Certains auteurs soulignent l’importance des violences subies par les enfants confiés au service de l’aide sociale à l’enfance. La quantification de ce phénomène est aujourd’hui peu précise, et les études existantes sont controversées.
Quel que soit leur nombre, ces situations posent des questions liées à leur repérage, à la protection des enfants victimes mais aussi à leur accompagnement tout au long de la procédure judiciaire.
En France, il faut attendre la loi de 1998 relative à la prévention et à la répression des infractions sexuelles ainsi qu’à la protection des mineurs (1) pour voir apparaître les premières dispositions ciblées en direction des mineurs victimes d’infractions pénales.

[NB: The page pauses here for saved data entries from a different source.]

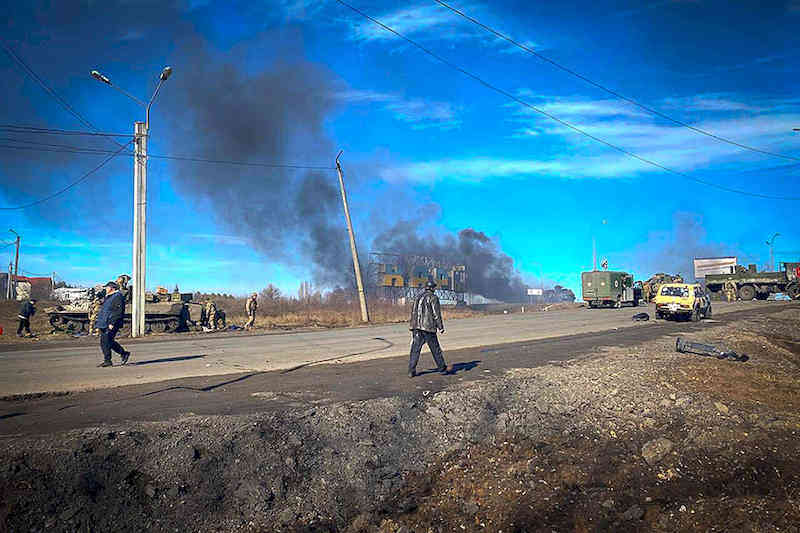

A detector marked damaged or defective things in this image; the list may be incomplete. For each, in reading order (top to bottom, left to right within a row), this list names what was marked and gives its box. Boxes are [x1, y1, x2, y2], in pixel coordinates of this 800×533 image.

damaged vehicle [656, 282, 712, 320]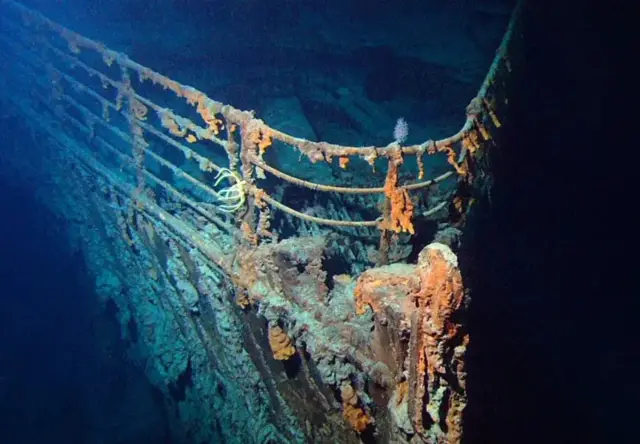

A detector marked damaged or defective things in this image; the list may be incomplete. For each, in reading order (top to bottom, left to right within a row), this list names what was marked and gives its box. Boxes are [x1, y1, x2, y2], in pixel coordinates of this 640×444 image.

orange rust formation [352, 243, 468, 444]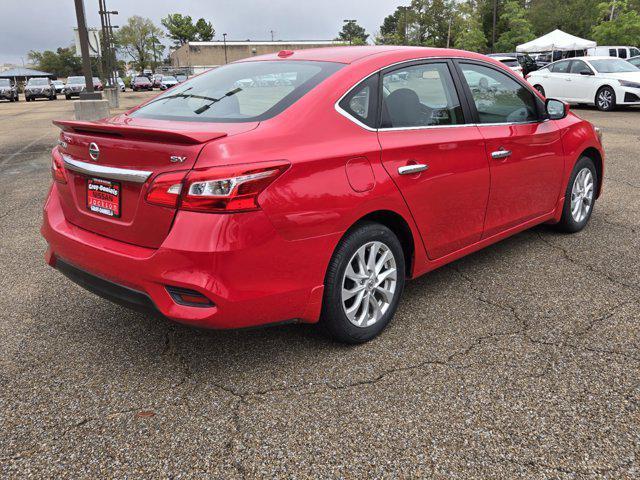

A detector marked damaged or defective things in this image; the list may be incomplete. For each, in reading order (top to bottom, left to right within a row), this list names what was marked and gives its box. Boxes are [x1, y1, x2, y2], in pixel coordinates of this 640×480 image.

cracked asphalt pavement [0, 94, 636, 480]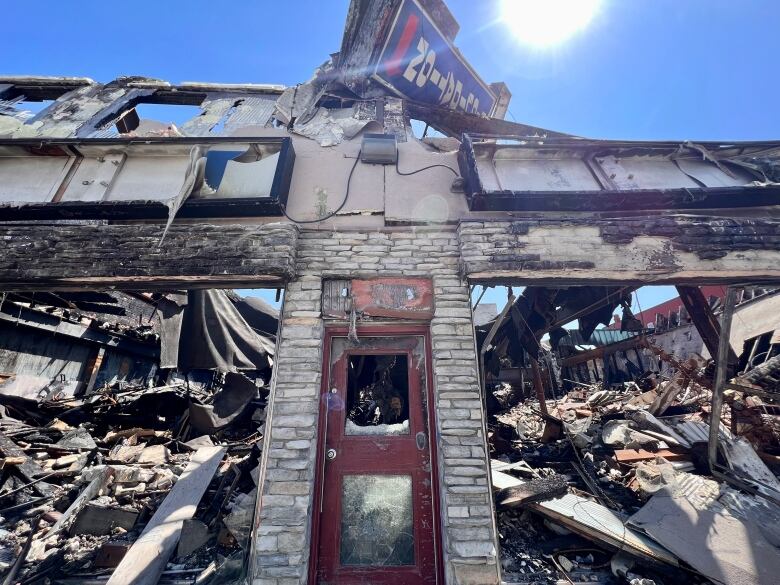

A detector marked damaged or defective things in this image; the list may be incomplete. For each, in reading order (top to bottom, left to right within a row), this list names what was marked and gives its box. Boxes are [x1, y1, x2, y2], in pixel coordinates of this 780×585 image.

charred wood debris [0, 290, 278, 584]
burnt window opening [346, 352, 412, 434]
charred wood debris [482, 286, 780, 584]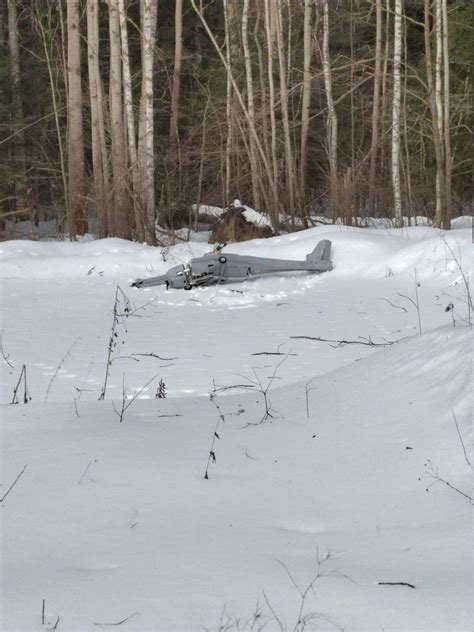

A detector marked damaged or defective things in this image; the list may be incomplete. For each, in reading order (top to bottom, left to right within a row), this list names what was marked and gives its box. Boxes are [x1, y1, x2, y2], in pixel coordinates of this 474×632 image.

crashed drone [131, 238, 332, 290]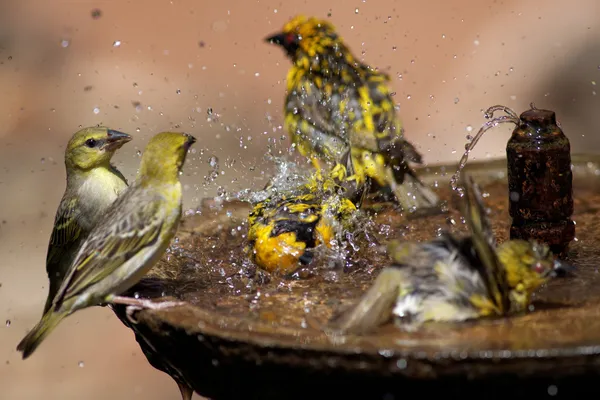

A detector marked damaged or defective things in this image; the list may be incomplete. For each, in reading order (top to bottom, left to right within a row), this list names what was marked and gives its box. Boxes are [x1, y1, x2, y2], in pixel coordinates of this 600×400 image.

brown rusted cap [516, 108, 556, 127]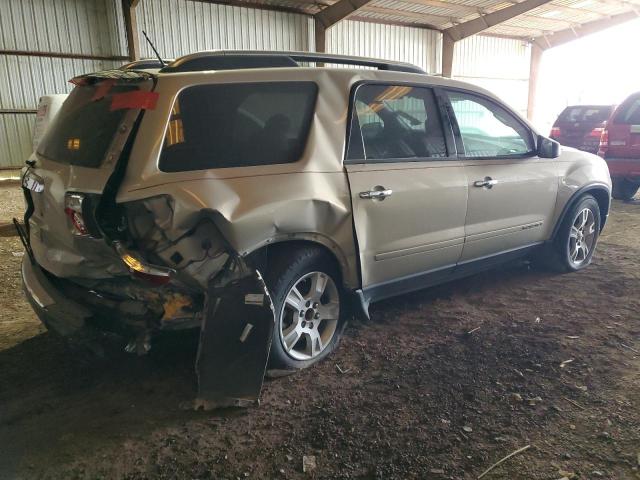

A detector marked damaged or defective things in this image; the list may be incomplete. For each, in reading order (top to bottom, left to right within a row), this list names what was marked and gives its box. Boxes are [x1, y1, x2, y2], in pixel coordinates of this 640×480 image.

broken tail light [64, 192, 89, 235]
broken tail light [112, 244, 172, 284]
torn sheet metal [195, 270, 276, 408]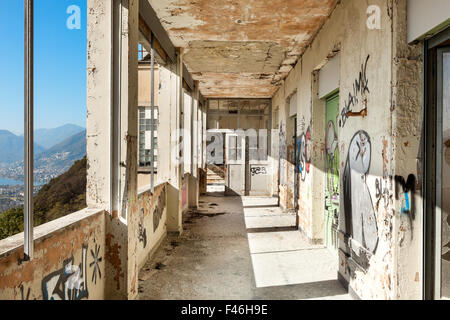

Cette loi permet d’abord la désignation d’un administrateur ad hoc en matière pénale. L’article 706-50 du code de procédure pénale dispose ainsi que « le procureur de la République ou le juge d’instruction, saisi de faits commis volontairement à l’encontre d’un mineur, désigne un administrateur ad hoc lorsque la protection des intérêts de celui-ci n’est pas complètement assurée par ses représentants légaux ou par l’un d’entre eux ». Cet administrateur ad hoc représente l’enfant en justice et peut, le cas échéant, se porter partie civile au nom de celui-ci dans le cadre du procès pénal, afin d’obtenir des dommages et intérêts. Il peut également désigner un avocat d’office pour le mineur, s’il n’en a pas déjà été choisi un. Cette disposition est essentielle, notamment pour les enfants victimes de violences intrafamiliales. En effet, dans ces situations, le(s) parent(s) ne sont pas toujours en mesure de protéger l’enfant en raison des conflits d’intérêts dans lesquels ils sont impliqués.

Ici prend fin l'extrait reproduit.